DATA PROVIDED =>
____________
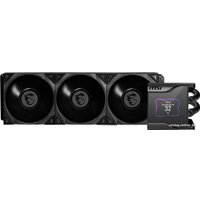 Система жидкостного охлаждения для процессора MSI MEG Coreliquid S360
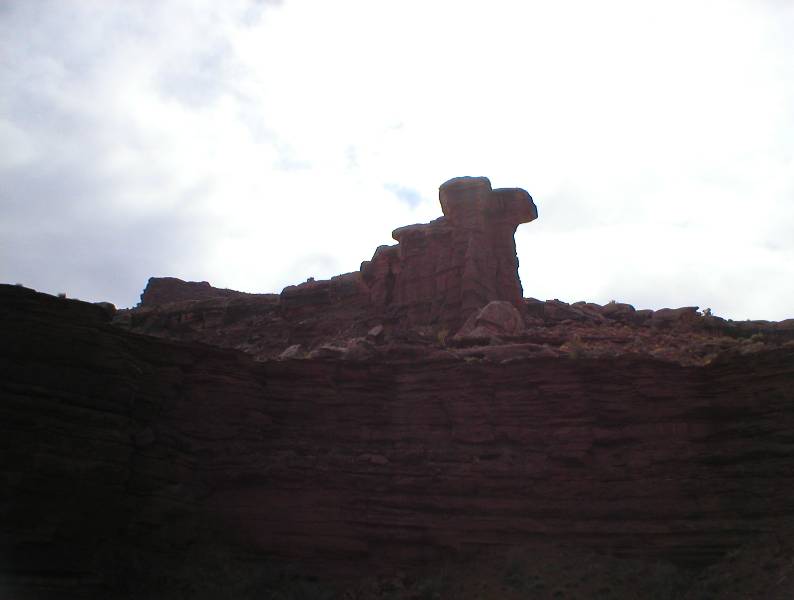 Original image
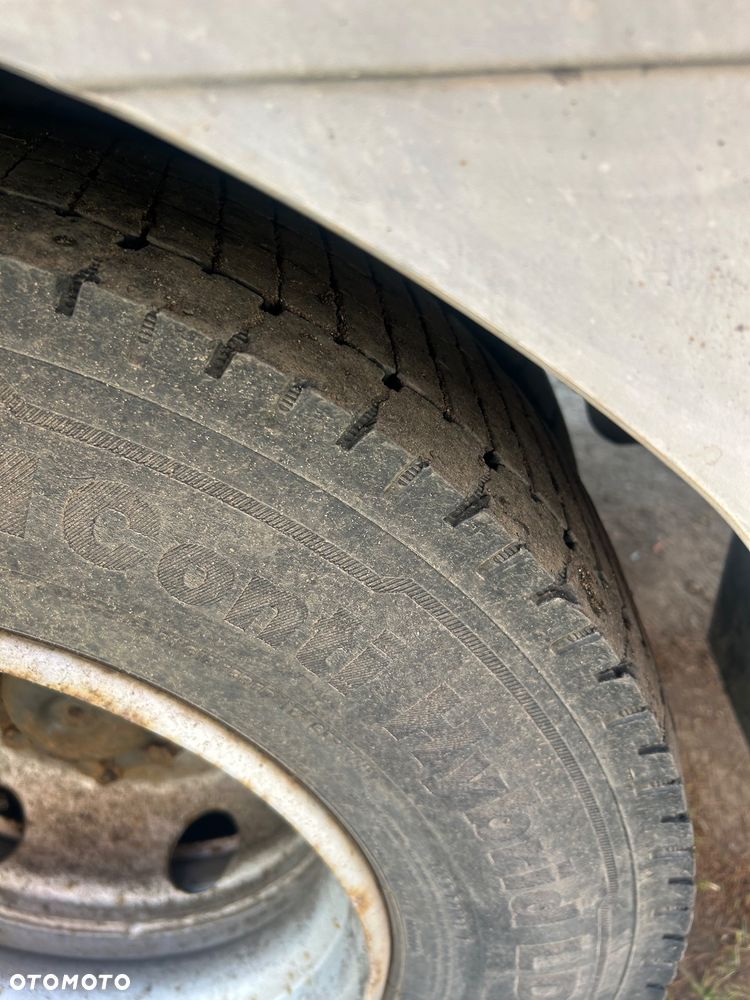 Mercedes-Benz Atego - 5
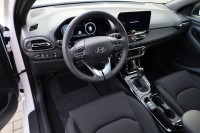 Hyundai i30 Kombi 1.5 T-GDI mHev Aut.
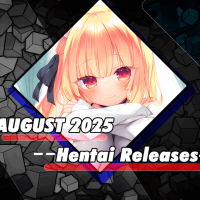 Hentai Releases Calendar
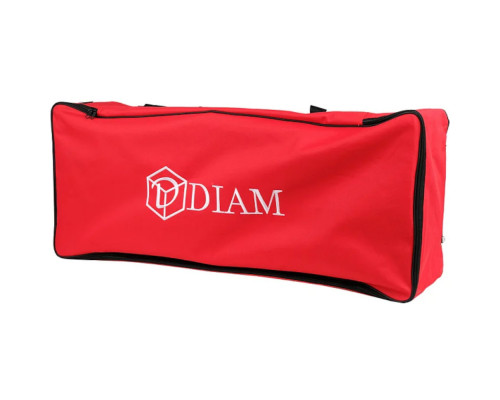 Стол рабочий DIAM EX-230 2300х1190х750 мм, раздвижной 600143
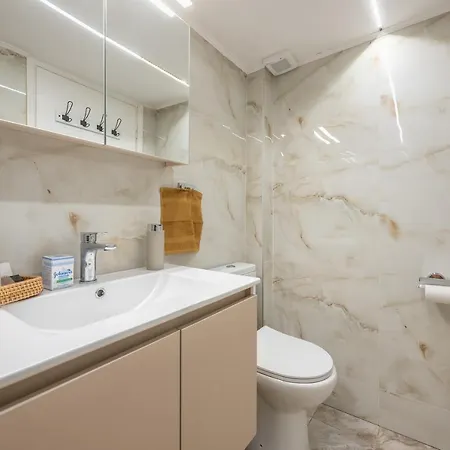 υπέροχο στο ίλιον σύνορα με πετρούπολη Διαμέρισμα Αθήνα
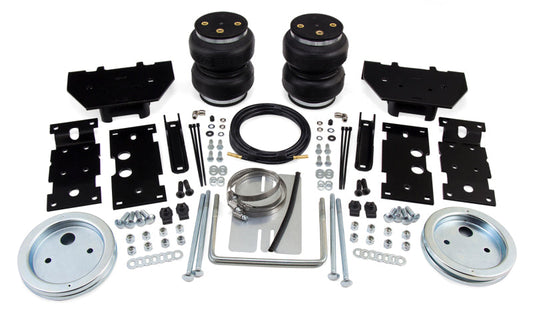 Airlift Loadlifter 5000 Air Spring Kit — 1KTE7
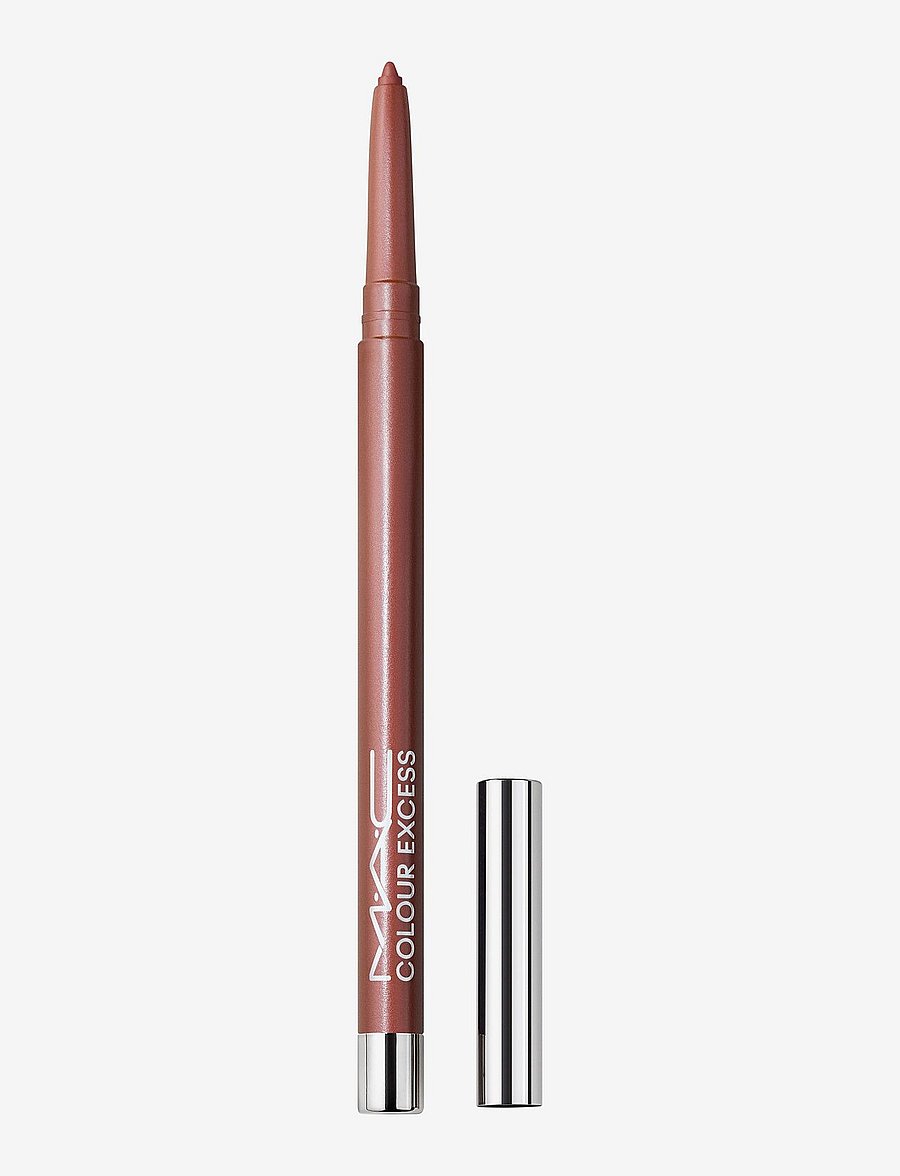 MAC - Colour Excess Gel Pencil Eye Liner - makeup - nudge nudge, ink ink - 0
____________
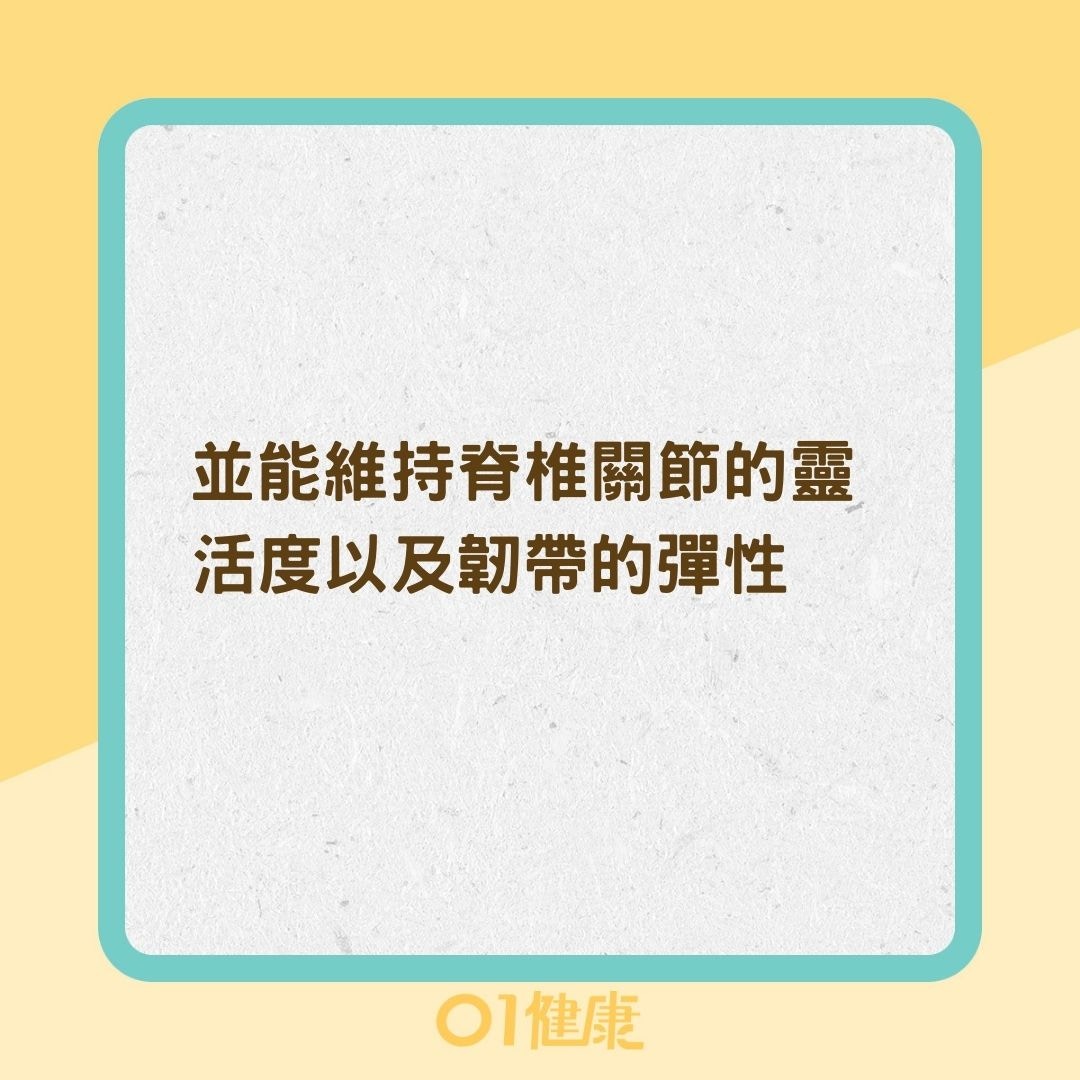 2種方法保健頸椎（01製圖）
____________
TASK DIRECTIONS => Produce an exact reproduction of the listing above, limited to the lines starting at the line with "Hyundai i30 Kombi 1.5 T-GDI mHev Aut." and ending at the line with "MAC - Colour", both kept, with every picture left out.

TASK RESPONSE =>
 Hyundai i30 Kombi 1.5 T-GDI mHev Aut.
 Hentai Releases Calendar
 Стол рабочий DIAM EX-230 2300х1190х750 мм, раздвижной 600143
 υπέροχο στο ίλιον σύνορα με πετρούπολη Διαμέρισμα Αθήνα
 Airlift Loadlifter 5000 Air Spring Kit — 1KTE7
 MAC - Colour Excess Gel Pencil Eye Liner - makeup - nudge nudge, ink ink - 0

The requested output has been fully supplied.